Protocol developed by UNC researchers reduces alcohol-related hospital admissions

Alcohol consumption is the third leading cause of preventable death in the U.S., and health care costs related to alcohol consumption reached $24 billion in 2006. About $5.1 billion of those costs were due to alcohol-related hospitalizations.

In many cases, clinicians in hospital emergency departments are the gatekeepers who must make the difficult first decisions about how to care for patients in need of alcohol detoxification, including whether or not a patient should be admitted to the hospital or treated on an outpatient basis instead. Until recently there has been little clear clinical trial data available to help guide these decisions.

Now a new study by University of North Carolina School of Medicine researchers finds that an alcohol detoxification protocol they developed led to a statistically significant decrease in the number of admissions per month.

“Our main goal for the project was to standardize our hospitalist group’s care for a clinical problem we had found very challenging.”

“Our main goal for the project was to standardize our hospitalist group’s care for a clinical problem we had found very challenging. But as we implemented the change, we also studied the impact on number of admissions for these patients and found a meaningful decrease,” said John R. Stephens, MD, associate professor in the School of Medicine and lead author of the study, which was published online ahead of print by the Journal of General Internal Medicine.

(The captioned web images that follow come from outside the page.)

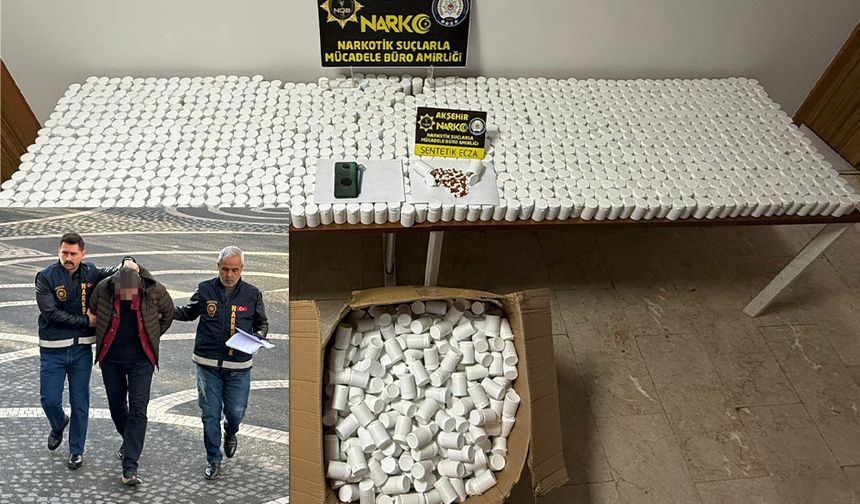 Uyuşturucu Operasyonunda 108 Bin 130 Hap Ele Geçirildi
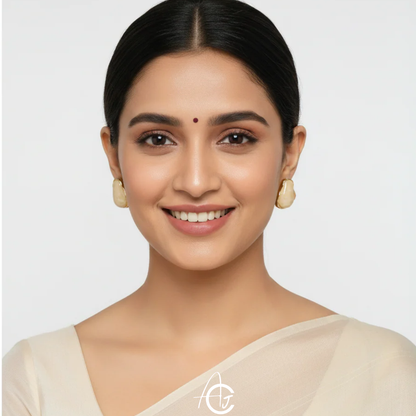 Semi Precious Stone Earrings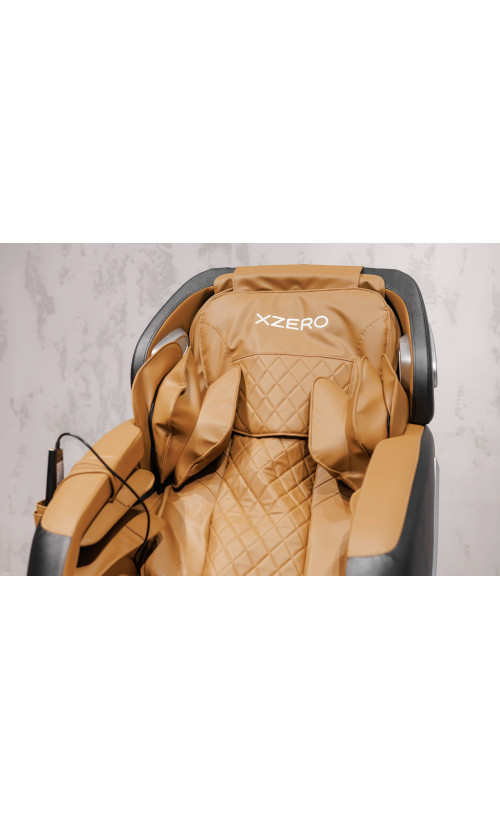 Масажне крісло XZERO Y9 SL Premium Black&Brovn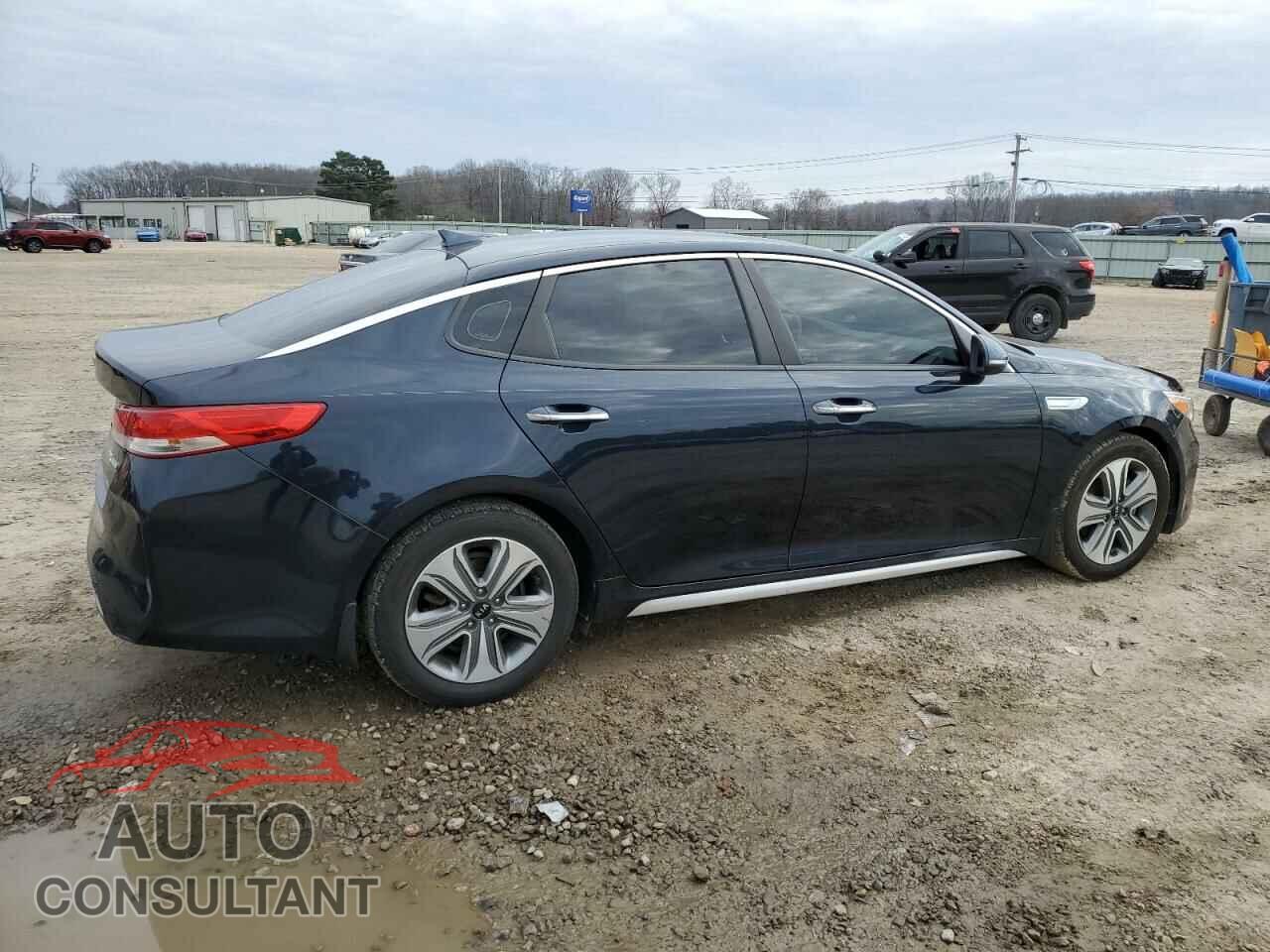 KIA OPTIMA 2017 - KNAGU4LEXH5012105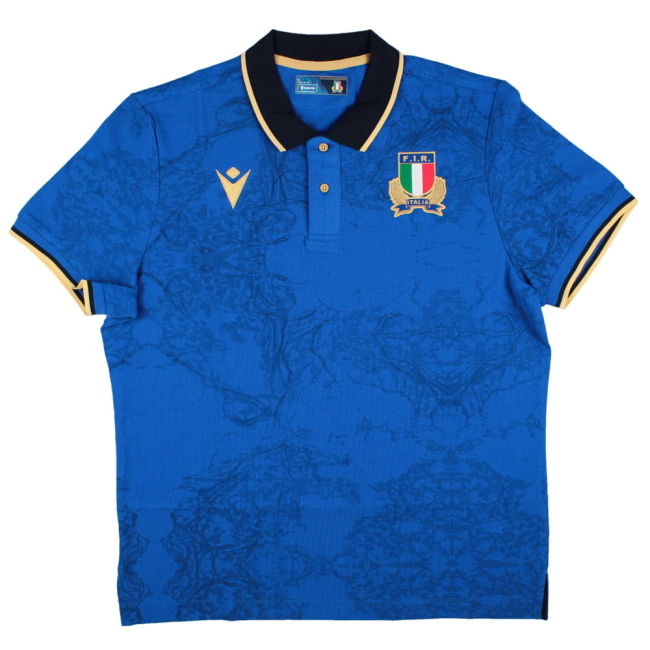 2025-2026 Italy FIR Home Cotton Rugby Shirt (Your Name)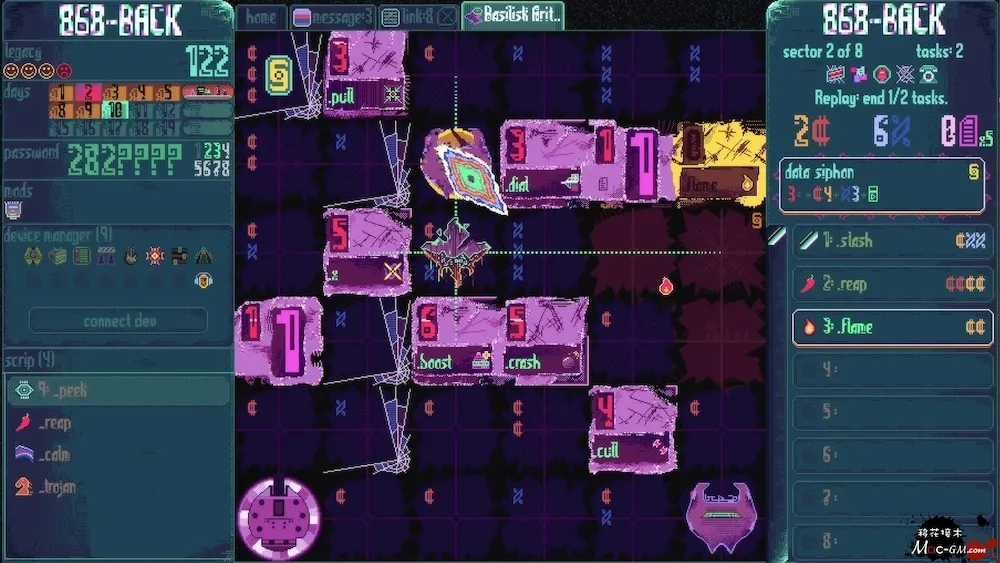 868后退 868-BACK v256 Mac版 For Mac Roguelike 策略 英文版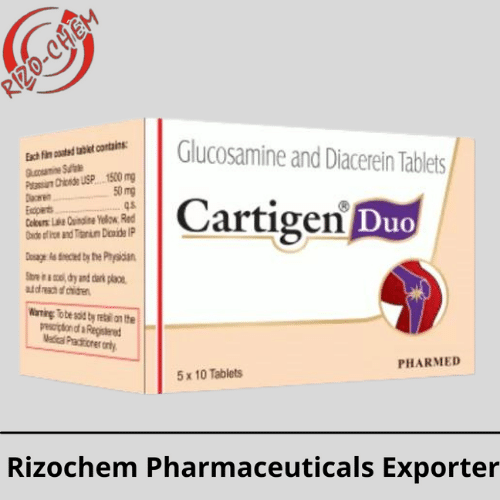 Glucosamine and Diacerein Tablet Cartigen Duo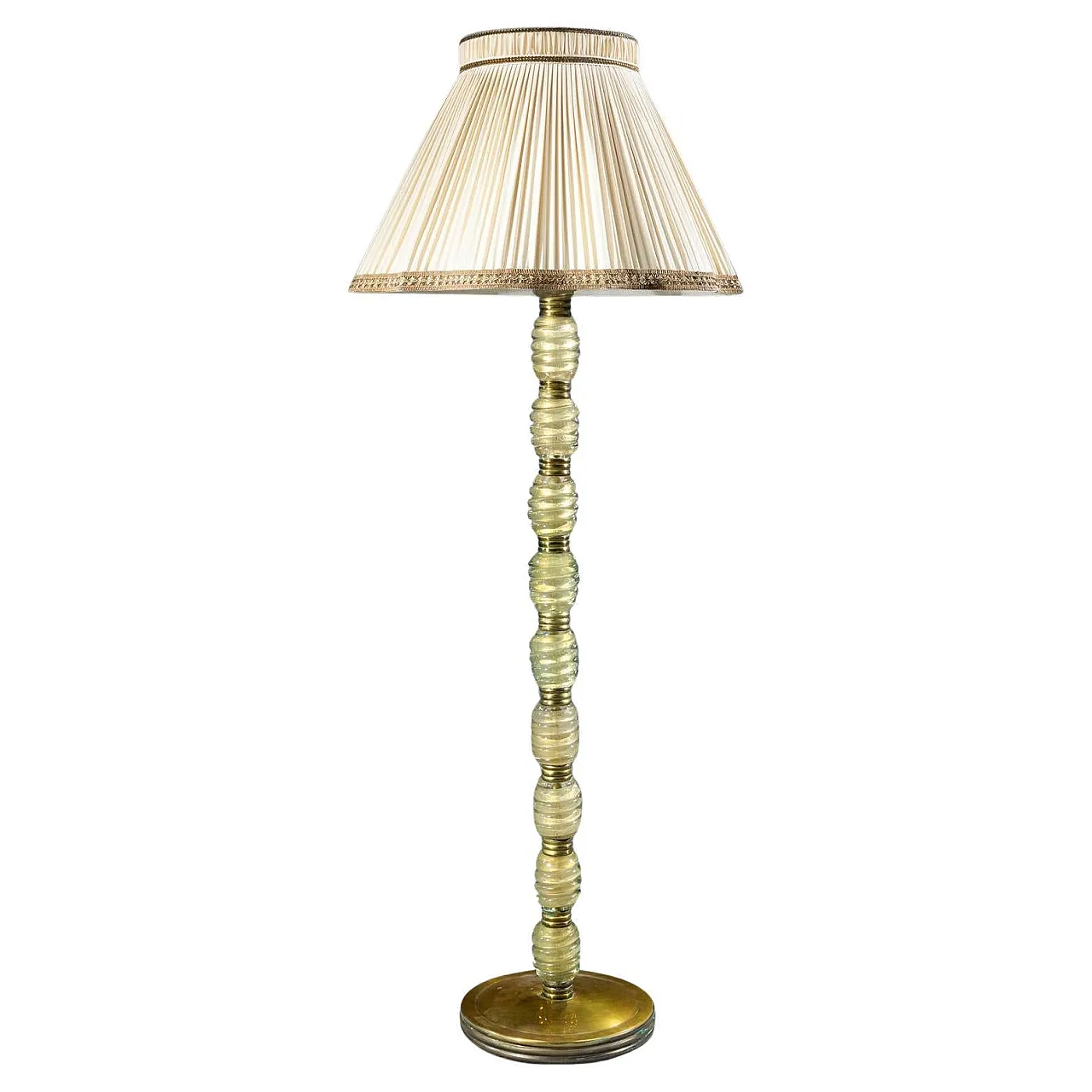 Lampada da terra di Seguso, anni '50 1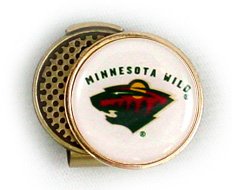 Minnesota Wild Hat Clip & Golf Ball Marker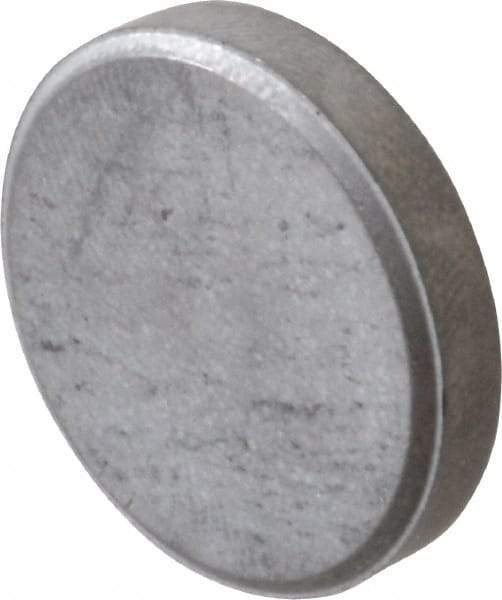 Fairlane - Flat Tooth Pattern, 3/4" Diam, Solid Carbide, Round Positioning Gripper Pad - 1/8" High - Industrial Tool & Supply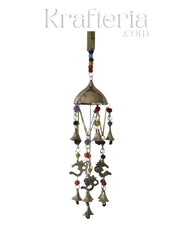 Modern Mandala - Brass Wall Hangings | Brass Wind Chime Brass Ware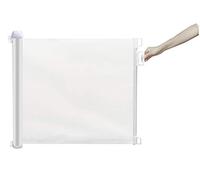 Linea Garden Friend C1932010 Portail Enfant Luxe-Couleur Blanche 130 x 8 x (H) 88 cm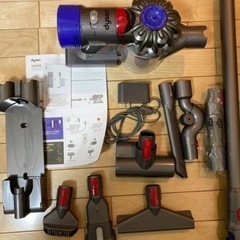ダイソン掃除機Ｖ８フラッフィー＋【分解洗浄済み】の画像
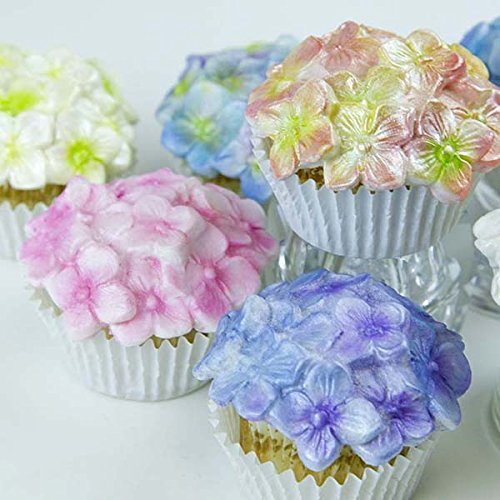 Cup Cake Top Hydrangea Mold by Karen Davies N3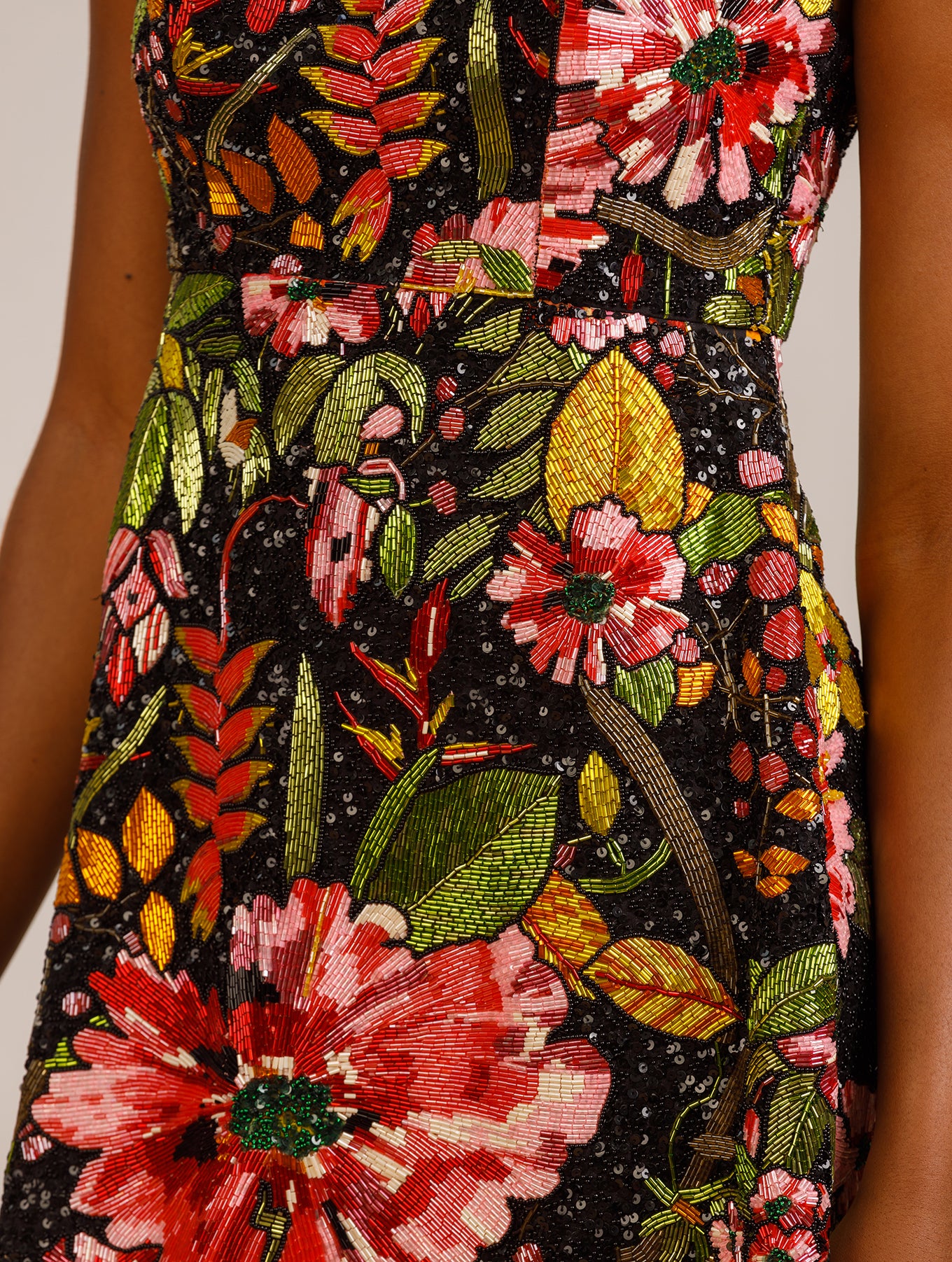 Beaded Short Dress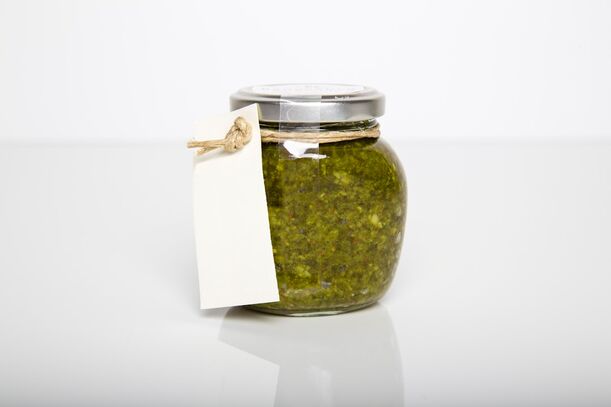 Lieblingsrezept: Walnuss-Kräuter-Pesto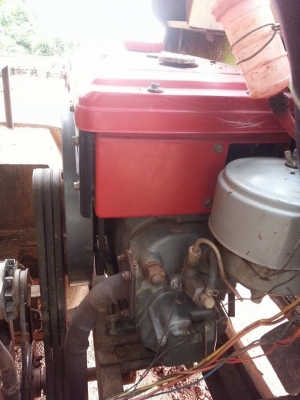 เครื่องยนต์ยันร์ม่า TF160L ขนาด 16 แรงตัว สภาพ 85 เปอร์เซ็นสวยจัด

The protocol is set forth in a 1-page flow chart that clinicians use to guide their decision-making process. After the protocol was implemented at UNC Hospitals, the average number of alcohol-related admissions per month dropped from 18.9 to 15.9. Each hospital admission for a primary alcohol-related diagnosis generates costs estimated at $8,742 per case, so a reduction of 3 admissions per month would generate cost savings of $315,000 per year, according to the study.

Co-authors of the study are E. Allen Liles, MD; Ria Dancel, MD; Michael Gilchrist, MD, MPH; Jonathan Kirsch, MD; and Darren A. DeWalt, MD, MPH. All are faculty in the Division of General Medicine and Clinical Epidemiology within the Department of Medicine.